→ **Requirement**
Below is a listing. Set down exactly the lines from the one containing "Side view of" through the one containing "Hookah, garnets, grape", both ends included, and leave out the rest.

→ **Extracted entries**
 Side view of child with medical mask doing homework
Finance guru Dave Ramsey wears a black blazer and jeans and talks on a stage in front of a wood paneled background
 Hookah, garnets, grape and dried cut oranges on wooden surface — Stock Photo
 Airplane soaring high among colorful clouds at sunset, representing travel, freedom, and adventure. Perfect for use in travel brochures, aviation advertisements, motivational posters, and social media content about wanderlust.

...

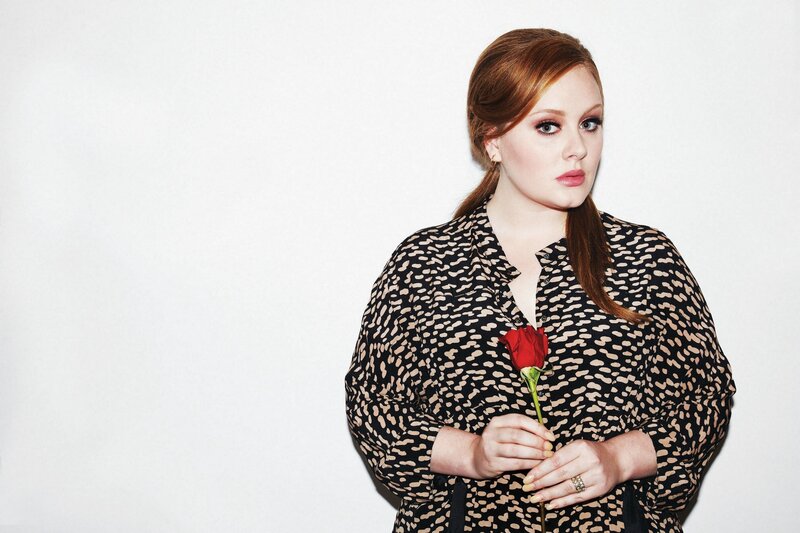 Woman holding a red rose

---

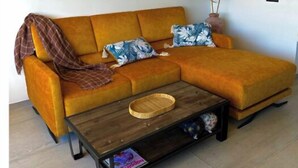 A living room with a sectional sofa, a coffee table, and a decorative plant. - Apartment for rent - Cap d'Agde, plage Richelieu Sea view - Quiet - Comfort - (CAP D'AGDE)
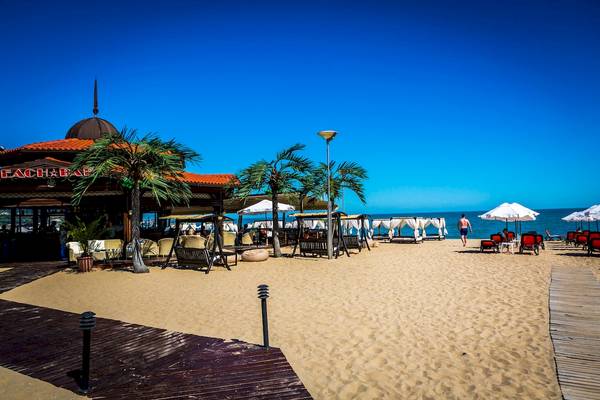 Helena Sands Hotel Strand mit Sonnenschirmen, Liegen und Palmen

→ **Completed task**
 Side view of child with medical mask doing homework
Finance guru Dave Ramsey wears a black blazer and jeans and talks on a stage in front of a wood paneled background
 Hookah, garnets, grape and dried cut oranges on wooden surface — Stock Photo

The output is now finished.